START Data in this exercise

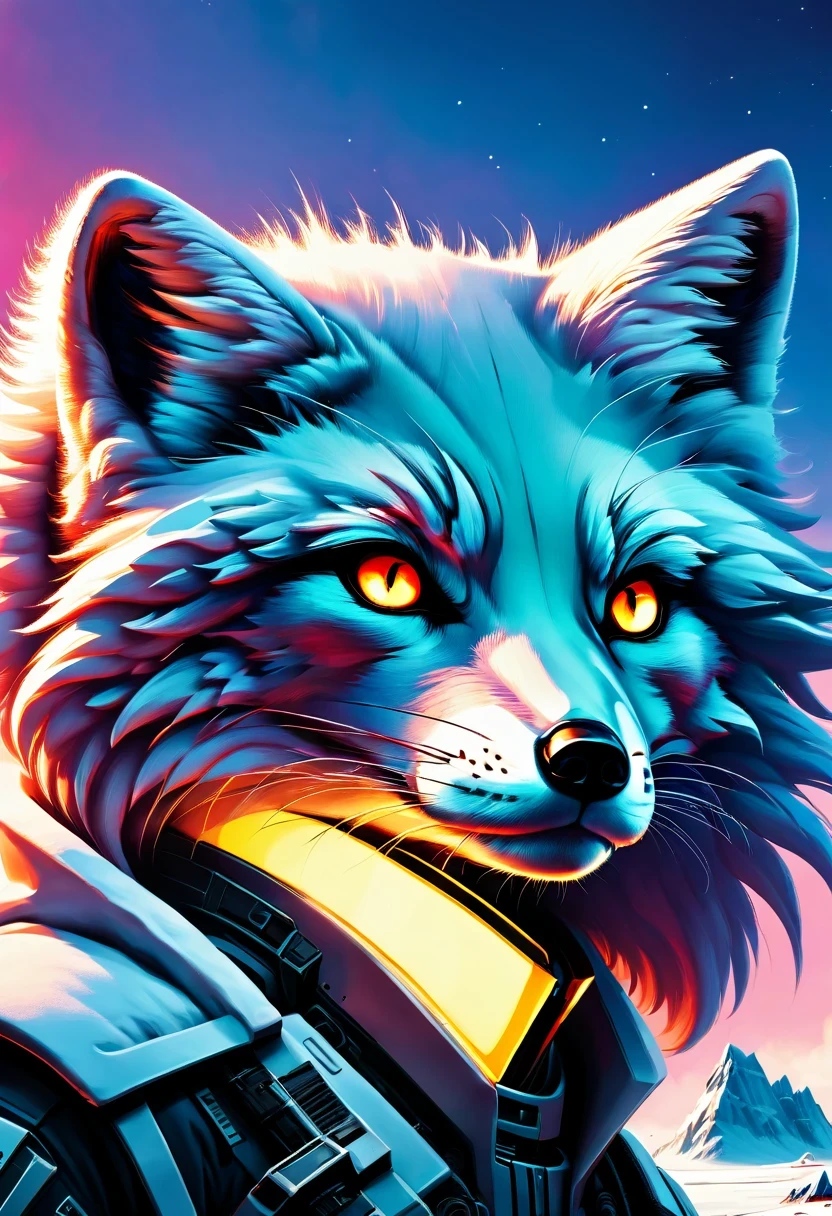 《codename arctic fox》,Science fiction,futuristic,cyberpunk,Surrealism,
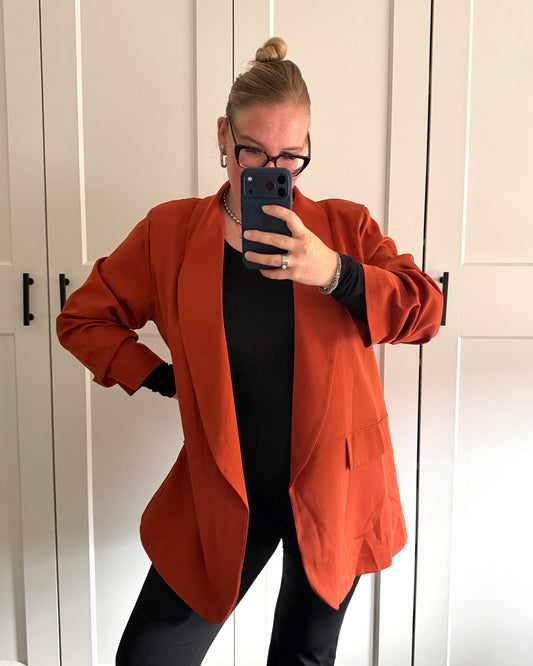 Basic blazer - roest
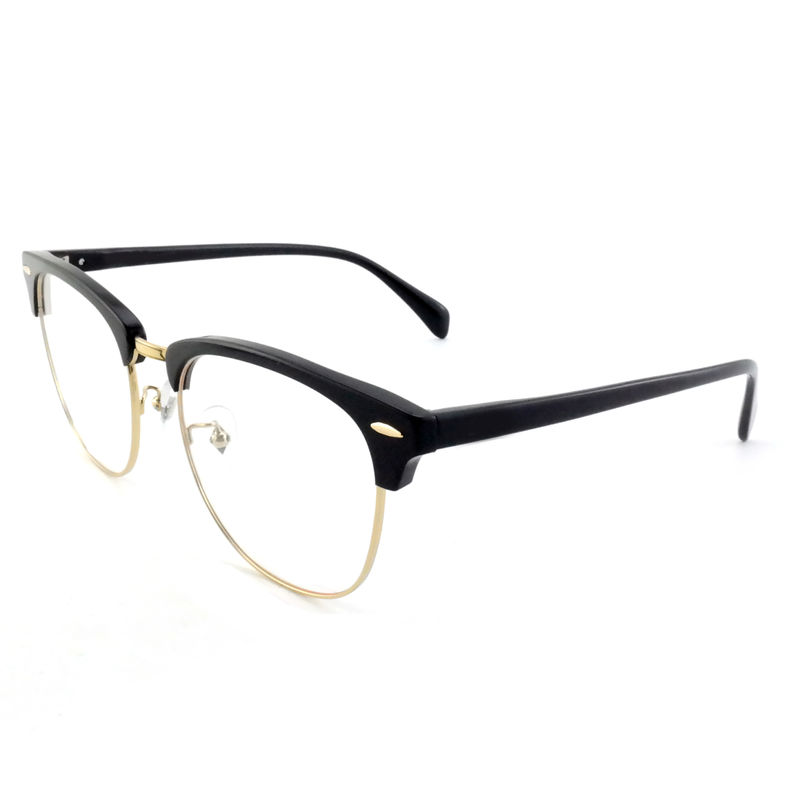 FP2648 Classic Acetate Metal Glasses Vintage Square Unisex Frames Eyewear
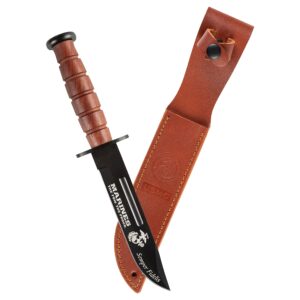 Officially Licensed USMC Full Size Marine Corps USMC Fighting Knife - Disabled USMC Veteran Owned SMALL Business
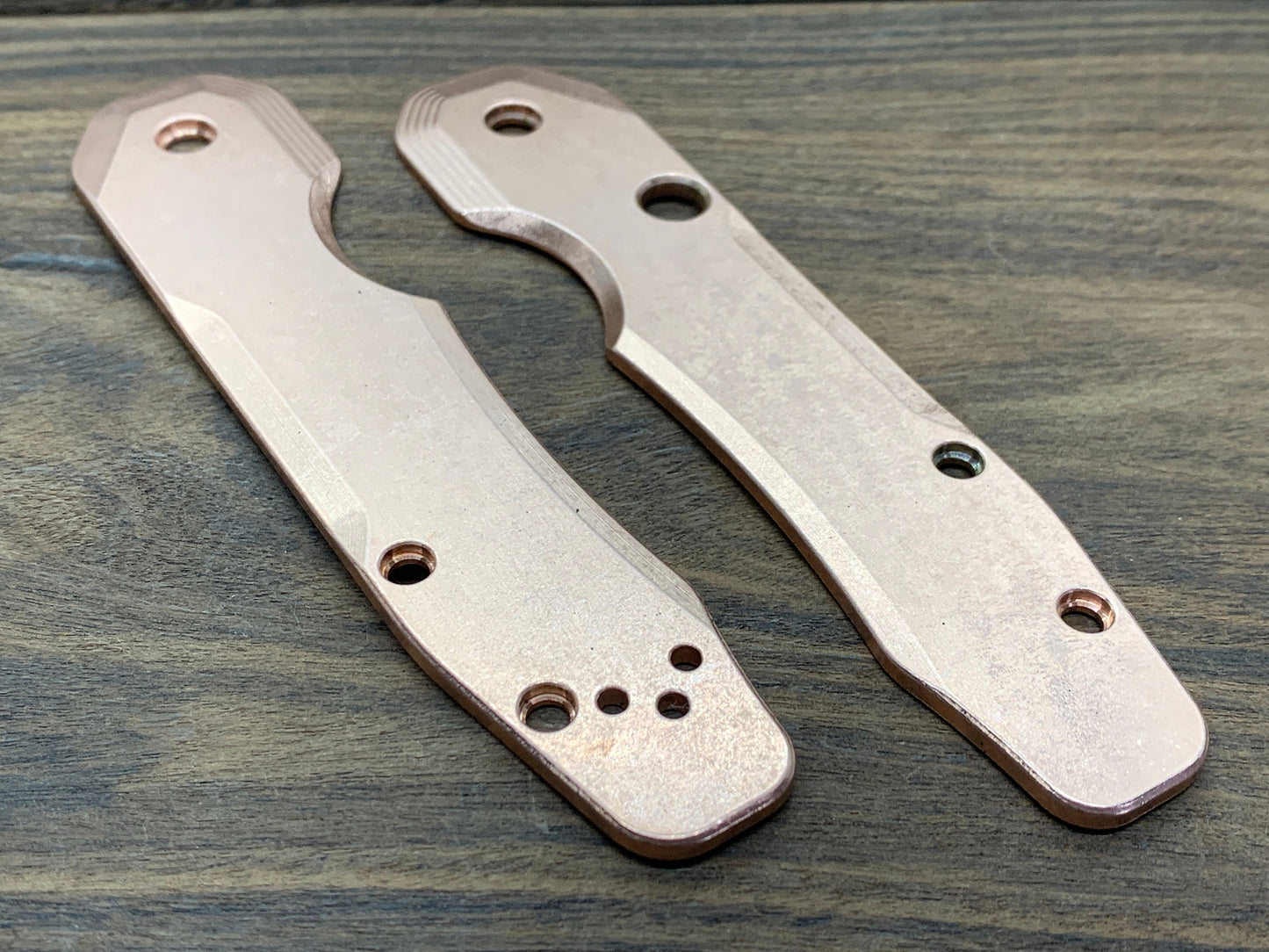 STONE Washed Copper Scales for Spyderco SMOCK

END Data in this exercise
START Data in this exercise

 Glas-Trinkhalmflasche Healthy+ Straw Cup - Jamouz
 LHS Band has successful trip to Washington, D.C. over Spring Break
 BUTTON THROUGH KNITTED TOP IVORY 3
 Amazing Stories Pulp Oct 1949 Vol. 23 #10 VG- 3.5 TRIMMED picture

END Data in this exercise

* What you will do *
Look back at the entries above and repeat, unchanged, every line from the line holding "BUTTON THROUGH KNITTED TOP IVORY 3" through the line holding "Amazing Stories Pulp".

* Your response *
 BUTTON THROUGH KNITTED TOP IVORY 3
 Amazing Stories Pulp Oct 1949 Vol. 23 #10 VG- 3.5 TRIMMED picture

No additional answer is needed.